[DATA RECORDS]
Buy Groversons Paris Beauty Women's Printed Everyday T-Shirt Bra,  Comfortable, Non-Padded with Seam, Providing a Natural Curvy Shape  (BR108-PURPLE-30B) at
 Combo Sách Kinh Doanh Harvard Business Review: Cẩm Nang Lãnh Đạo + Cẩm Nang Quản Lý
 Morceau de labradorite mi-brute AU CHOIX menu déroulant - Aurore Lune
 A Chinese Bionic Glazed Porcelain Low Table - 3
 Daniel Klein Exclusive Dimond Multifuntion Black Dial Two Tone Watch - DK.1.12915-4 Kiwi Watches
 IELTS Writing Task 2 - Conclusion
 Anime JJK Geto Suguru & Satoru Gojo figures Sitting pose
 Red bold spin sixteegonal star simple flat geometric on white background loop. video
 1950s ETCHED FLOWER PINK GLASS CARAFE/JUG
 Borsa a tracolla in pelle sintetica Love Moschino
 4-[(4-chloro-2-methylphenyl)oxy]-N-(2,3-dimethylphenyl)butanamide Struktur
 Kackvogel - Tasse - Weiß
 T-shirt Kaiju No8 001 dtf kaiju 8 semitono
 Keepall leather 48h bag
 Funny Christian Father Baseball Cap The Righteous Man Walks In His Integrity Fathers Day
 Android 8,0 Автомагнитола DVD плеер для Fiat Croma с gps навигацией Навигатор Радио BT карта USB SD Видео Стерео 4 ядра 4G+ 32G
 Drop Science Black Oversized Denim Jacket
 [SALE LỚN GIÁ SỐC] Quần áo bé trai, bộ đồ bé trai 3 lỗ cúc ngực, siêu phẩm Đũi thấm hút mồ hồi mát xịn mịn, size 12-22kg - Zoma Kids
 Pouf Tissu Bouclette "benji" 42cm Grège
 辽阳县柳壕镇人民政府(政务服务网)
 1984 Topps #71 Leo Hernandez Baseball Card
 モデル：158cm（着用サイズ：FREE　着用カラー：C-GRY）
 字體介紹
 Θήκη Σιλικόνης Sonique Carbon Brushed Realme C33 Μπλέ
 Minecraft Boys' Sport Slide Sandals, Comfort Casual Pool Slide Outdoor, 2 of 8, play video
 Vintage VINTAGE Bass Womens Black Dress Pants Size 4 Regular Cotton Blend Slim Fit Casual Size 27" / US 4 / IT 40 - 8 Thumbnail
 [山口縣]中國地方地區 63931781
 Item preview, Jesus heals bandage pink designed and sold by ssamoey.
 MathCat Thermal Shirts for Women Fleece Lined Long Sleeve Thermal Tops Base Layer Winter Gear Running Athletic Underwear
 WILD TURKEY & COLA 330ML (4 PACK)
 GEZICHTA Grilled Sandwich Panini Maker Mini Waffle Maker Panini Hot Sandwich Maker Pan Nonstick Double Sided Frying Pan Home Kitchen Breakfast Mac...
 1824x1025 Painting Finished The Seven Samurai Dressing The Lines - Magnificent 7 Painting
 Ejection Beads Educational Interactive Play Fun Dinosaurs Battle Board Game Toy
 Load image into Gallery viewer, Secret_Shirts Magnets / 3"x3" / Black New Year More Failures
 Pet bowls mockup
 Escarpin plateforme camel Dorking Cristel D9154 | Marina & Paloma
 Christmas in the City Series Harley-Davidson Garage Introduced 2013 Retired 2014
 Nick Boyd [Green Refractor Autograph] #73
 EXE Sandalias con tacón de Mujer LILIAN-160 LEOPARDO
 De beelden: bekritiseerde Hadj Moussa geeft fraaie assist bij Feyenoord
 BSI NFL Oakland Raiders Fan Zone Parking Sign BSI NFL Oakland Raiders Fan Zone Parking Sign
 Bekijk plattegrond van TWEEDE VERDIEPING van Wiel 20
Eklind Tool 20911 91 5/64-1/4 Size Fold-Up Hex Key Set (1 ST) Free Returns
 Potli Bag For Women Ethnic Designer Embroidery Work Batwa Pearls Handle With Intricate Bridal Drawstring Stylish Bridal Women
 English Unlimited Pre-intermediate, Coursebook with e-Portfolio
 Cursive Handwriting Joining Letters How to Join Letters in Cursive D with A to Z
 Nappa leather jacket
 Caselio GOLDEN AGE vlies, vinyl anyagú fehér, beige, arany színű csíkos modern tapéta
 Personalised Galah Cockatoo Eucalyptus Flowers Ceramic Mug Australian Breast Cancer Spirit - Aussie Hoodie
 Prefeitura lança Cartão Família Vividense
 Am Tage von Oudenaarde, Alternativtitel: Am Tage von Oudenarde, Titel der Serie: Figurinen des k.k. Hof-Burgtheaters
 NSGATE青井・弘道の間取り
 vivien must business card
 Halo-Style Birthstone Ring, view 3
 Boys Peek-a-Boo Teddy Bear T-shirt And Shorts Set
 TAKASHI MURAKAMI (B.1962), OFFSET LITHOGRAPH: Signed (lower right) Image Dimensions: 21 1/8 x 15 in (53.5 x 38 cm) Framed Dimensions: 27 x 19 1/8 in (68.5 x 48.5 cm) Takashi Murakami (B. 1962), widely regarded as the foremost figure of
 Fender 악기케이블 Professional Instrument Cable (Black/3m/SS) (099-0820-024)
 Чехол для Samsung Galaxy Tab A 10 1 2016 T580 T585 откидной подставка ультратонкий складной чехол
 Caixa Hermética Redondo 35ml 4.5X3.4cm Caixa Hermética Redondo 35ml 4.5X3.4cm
[/DATA RECORDS]
EXERCISE:
State the number of lines of the preceding material in which the word "leather" is found, and nothing more.

TASK ANSWER:
2